Work to complete - Count the lines in the data below holding the string "Close" and write the total by itself.

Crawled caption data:
────

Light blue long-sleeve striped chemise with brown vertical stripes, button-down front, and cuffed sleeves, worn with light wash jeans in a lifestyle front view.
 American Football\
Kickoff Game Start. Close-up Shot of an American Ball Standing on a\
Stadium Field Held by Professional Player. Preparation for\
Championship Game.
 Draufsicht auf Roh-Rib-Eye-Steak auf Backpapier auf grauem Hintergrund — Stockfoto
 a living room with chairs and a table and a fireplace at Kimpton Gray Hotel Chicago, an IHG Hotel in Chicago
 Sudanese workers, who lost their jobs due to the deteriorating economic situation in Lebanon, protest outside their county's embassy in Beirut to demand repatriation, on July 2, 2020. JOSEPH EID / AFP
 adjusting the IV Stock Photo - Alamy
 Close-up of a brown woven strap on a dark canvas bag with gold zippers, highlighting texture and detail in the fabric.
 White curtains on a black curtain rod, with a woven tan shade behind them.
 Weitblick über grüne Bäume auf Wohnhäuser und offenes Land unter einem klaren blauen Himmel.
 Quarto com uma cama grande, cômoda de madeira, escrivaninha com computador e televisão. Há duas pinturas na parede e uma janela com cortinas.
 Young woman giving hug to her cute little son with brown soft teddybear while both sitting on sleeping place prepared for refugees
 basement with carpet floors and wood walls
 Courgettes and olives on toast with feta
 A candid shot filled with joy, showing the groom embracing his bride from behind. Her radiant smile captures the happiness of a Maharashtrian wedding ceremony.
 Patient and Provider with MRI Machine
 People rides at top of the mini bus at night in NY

────

Problem solution - 2